- **TRY IT**
Only one stretch of the records below should be repeated. It starts with the line containing "day / 5 minutes." and goes on through the line containing "Tempering - Metallurgy", exactly as written.
====== EXTRACTED MATERIAL ======
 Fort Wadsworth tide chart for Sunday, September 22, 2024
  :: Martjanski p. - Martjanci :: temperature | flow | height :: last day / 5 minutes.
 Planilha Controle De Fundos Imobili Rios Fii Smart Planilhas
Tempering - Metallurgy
======
====== EXTRACTED MATERIAL ======
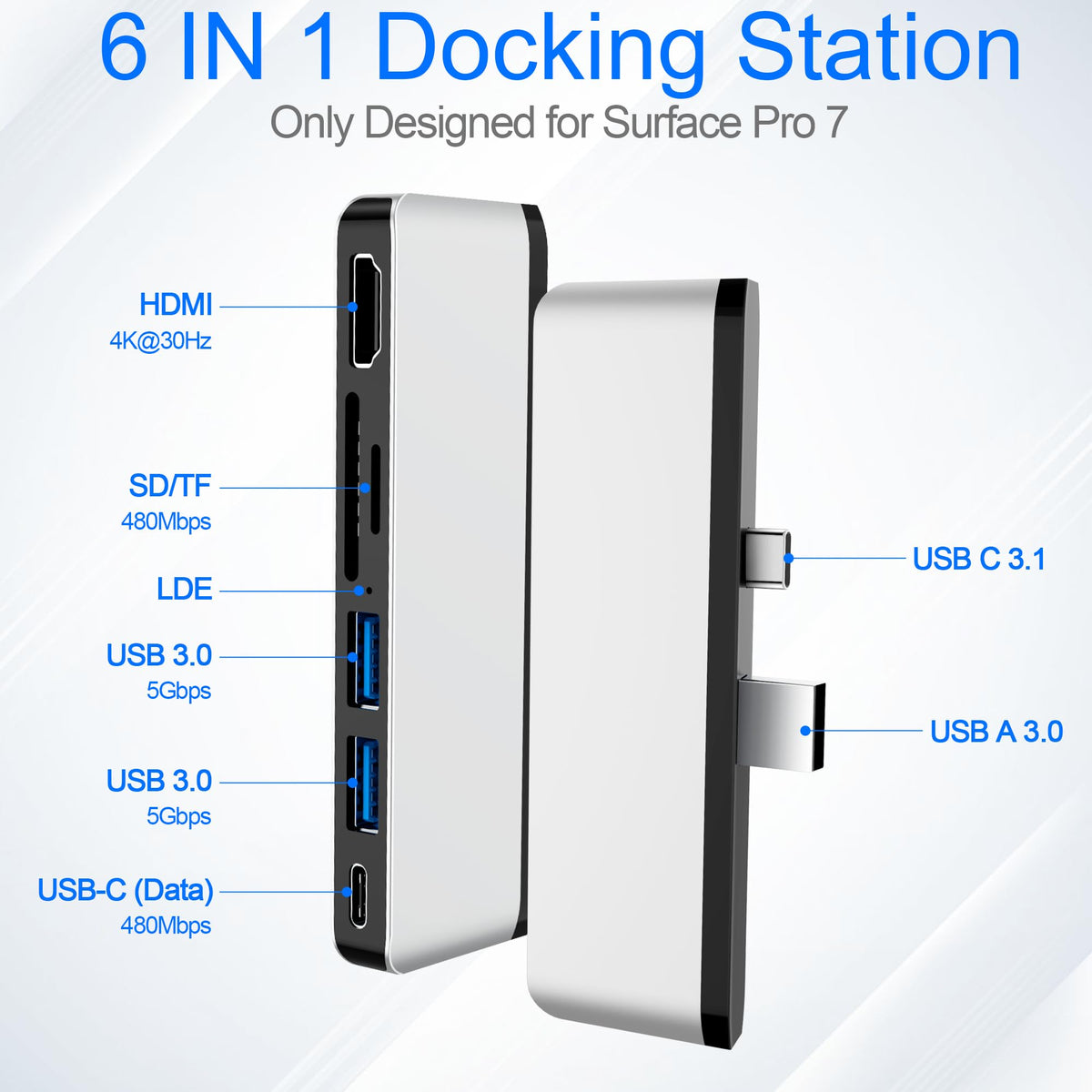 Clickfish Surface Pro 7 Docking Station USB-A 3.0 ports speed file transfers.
======
- **ANSWER TO THE PROBLEM**
  :: Martjanski p. - Martjanci :: temperature | flow | height :: last day / 5 minutes.
 Planilha Controle De Fundos Imobili Rios Fii Smart Planilhas
Tempering - Metallurgy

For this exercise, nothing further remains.